College campuses were rife with post-war disillusion and post-Watergate cynicism when a Georgetown freshman football player named Jack DeGioia decided to start a chapter of the Fellowship of Christian Athletes on the Hilltop. He posted flyers throughout the gym promoting the inaugural meeting, but only one person showed up: men’s basketball coach John Thompson.
So the 18-year-old defensive back and 34-year-old coach, then in his fourth season, held the meeting. And they continued meeting that spring of 1976 and beyond, talking about God, education and what the two had to do with one another.
Thompson went on to transform Georgetown basketball into one of the most powerful brands in college sports, producing teams that reached three national championship games between 1982 and 1985, and won the 1984 NCAA title.

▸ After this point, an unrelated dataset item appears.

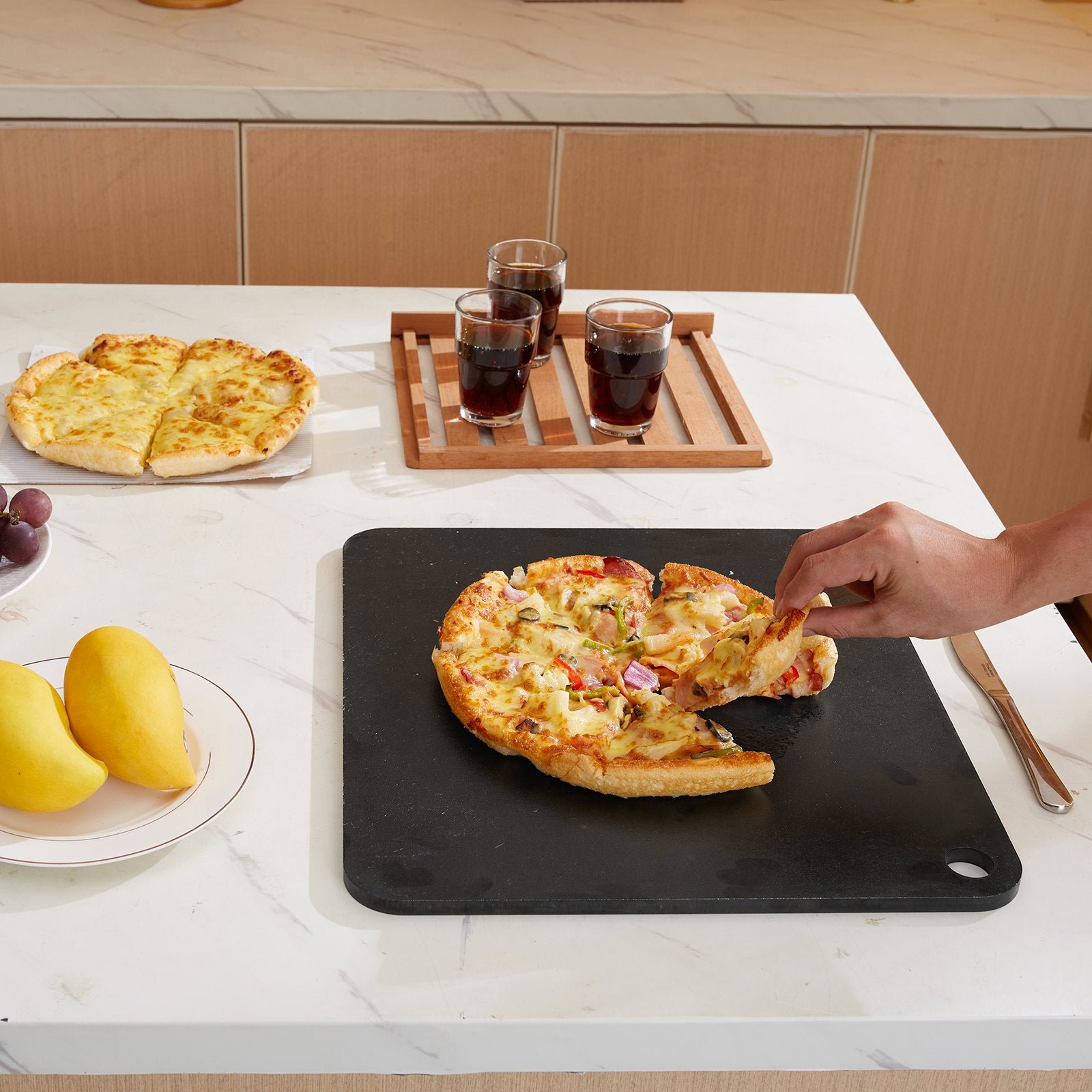 Bakeware & Accessories: VEVOR Pizza Steel, 16" x 14.5" x 3/8" Pizza Steel Plate for Oven, Pre-Seasoned Carbon Steel Pizza Baking Stone with 20X Higher Conductivity, Heavy Duty Pizza Pan for Outdoor Grill, Indoor Oven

DeGioia, a philosopher by training, went on to become Georgetown’s 48th president.
Nearly four decades after their first meeting, DeGioia has taken the lead in a high-stakes effort to preserve the basketball tradition Thompson built on the Hilltop, shepherding the creation of a new conference constructed around the founding members of the imploding Big East. He does so at a time when college sports is being riven, with schools that play top-level football on one side and those that don’t on the other.
Saturday’s game perfectly illustrates the divide. Syracuse, the Hoyas’ fiercest Big East rival, is defecting to the ACC next season in pursuit of a bigger payday from a league with a more lucrative television deal. Georgetown, lacking big-time football, is left seeking a path toward preserving a basketball program that has become the public face of the university and, for many, has connected the cloistered institution with the multicultural city in which it resides. The increasingly unstable Big East no longer provided that path.

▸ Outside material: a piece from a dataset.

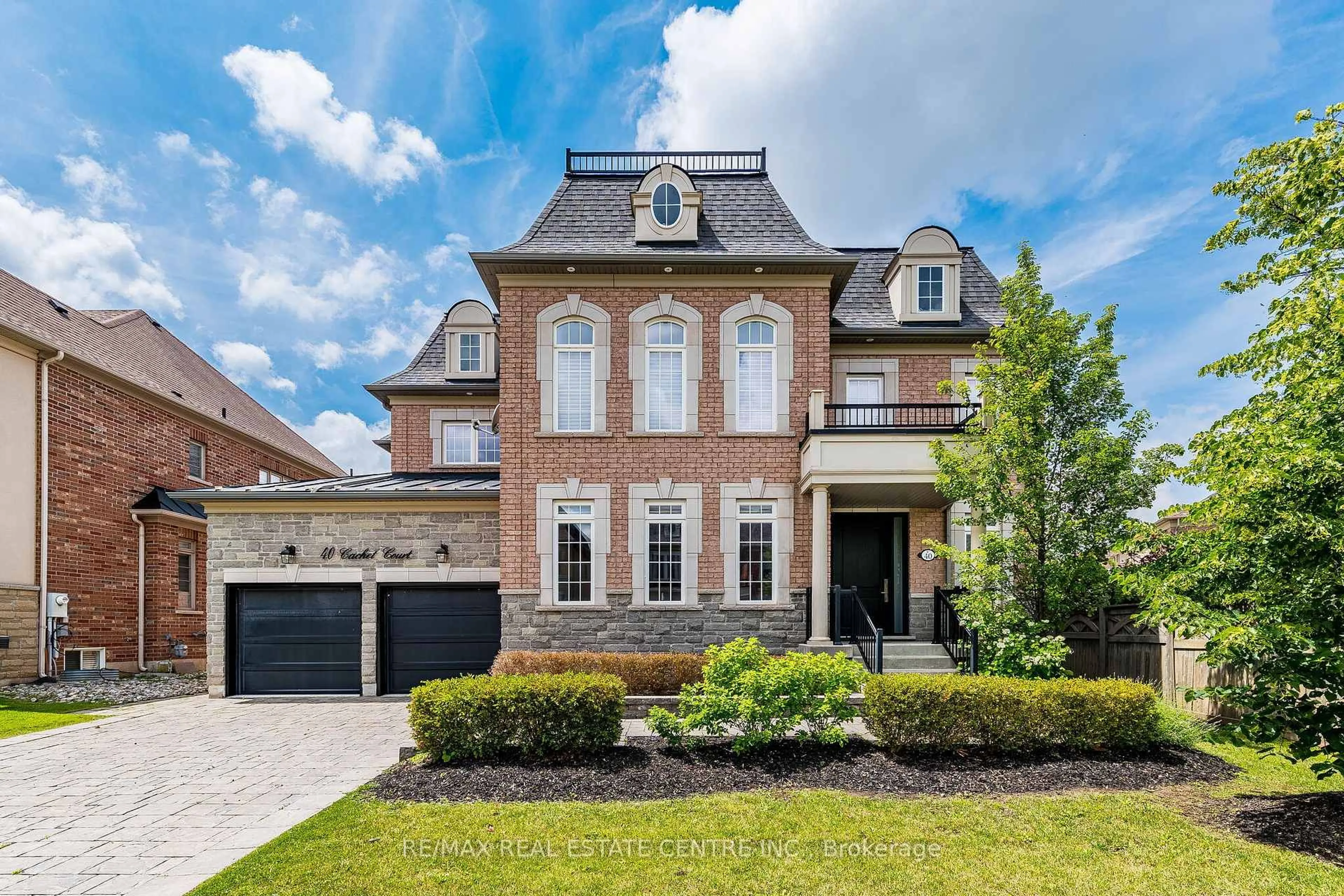 Home with brick exterior material, street for 40 Cachet Crt, Brampton Ontario L6X 0X2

“We sort of stepped back and said, ‘Does this make sense for us,’ ” DeGioia said in a recent interview in his Healy Hall office. “We no longer had our history and our traditions and our historic rivalries. We no longer had geography in a way that was making sense. . . .
“From a basketball perspective, we just felt we needed to go back to our roots. We needed to get back to our fundamental foundation that brought us together in 1979: an urban tradition of basketball.”

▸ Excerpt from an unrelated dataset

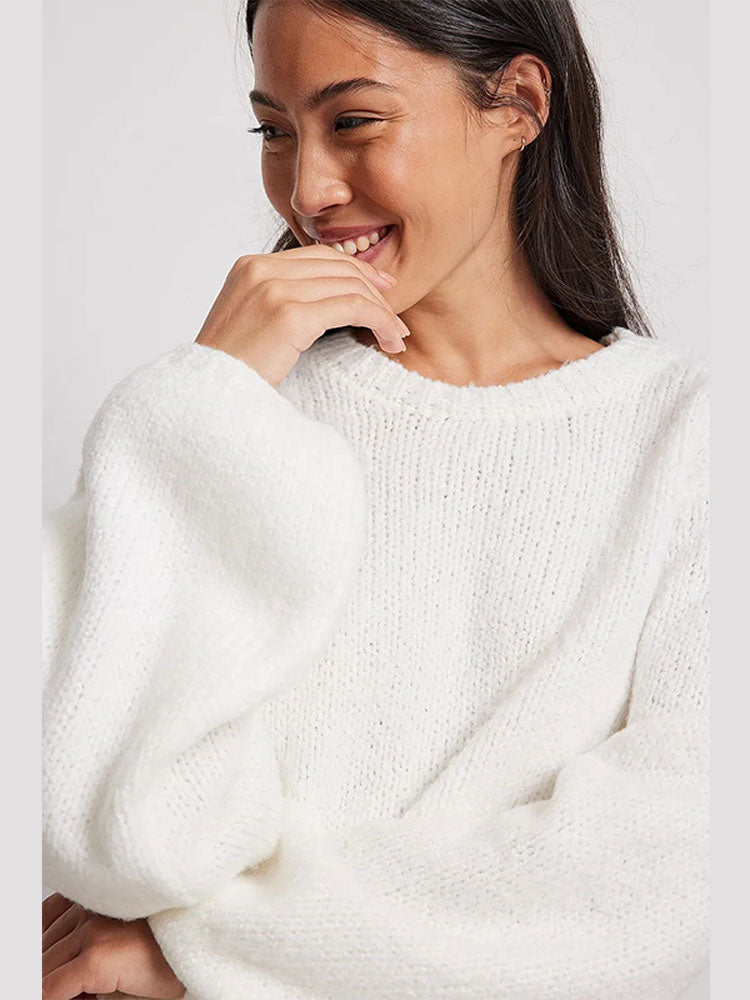 Knit O-neck Back Cut-Out Sweater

DeGioia, 56, sees Georgetown basketball as a touchstone of memory, a tie that binds alumni to the Hilltop.
“It means a lot to our community — to our alumni, to our students,” DeGioia said. “This is something to rally around, something to identify with. . . . Our community can measure key moments and milestones in their lives by certain kinds of events around our athletics programs here.”
Former NFL commissioner Paul Tagliabue, chairman of Georgetown’s executive board and a former Hoyas basketball player, credits Thompson and his teams with creating diversity on campus and connecting the school to the life of the city, rather than being “some elite institution sitting off there on top of a hill.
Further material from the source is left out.